*What the task requires:*
Once you reach the line with "So, I've just" in the material below, copy each line exactly up to and including the line with "Version of new", and skip the pictures.

Records to use: Begin

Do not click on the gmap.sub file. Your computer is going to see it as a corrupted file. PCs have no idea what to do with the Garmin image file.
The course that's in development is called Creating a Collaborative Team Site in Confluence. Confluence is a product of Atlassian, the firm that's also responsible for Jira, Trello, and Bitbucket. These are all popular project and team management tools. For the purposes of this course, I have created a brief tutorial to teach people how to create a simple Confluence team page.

Records to use: End
Records to use: Begin

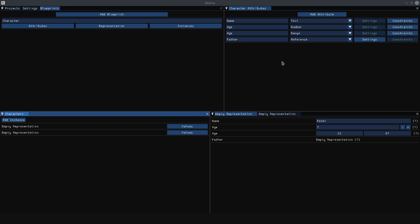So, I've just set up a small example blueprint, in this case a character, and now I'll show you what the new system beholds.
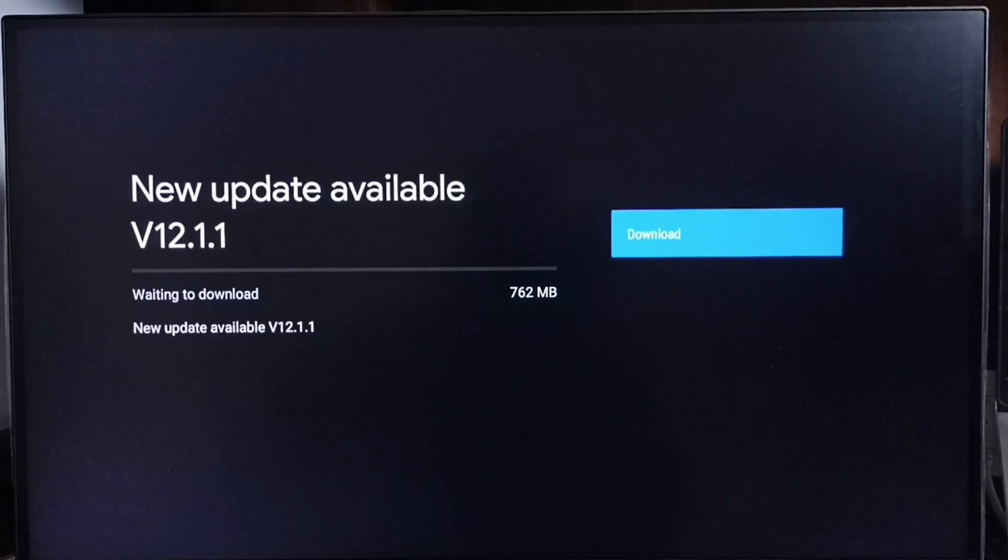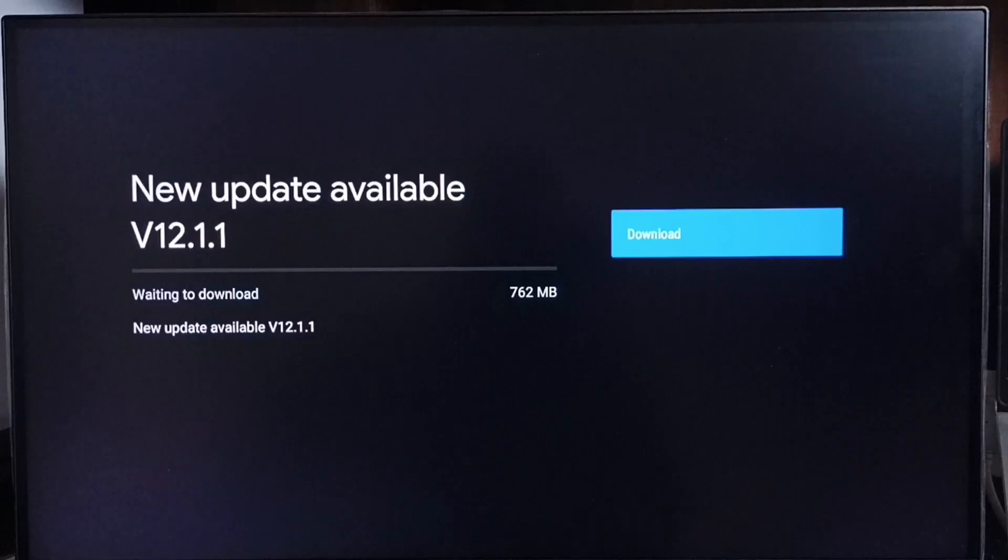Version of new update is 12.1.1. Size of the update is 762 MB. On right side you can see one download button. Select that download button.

Records to use: End

*Response to this task:*
So, I've just set up a small example blueprint, in this case a character, and now I'll show you what the new system beholds.
Version of new update is 12.1.1. Size of the update is 762 MB. On right side you can see one download button. Select that download button.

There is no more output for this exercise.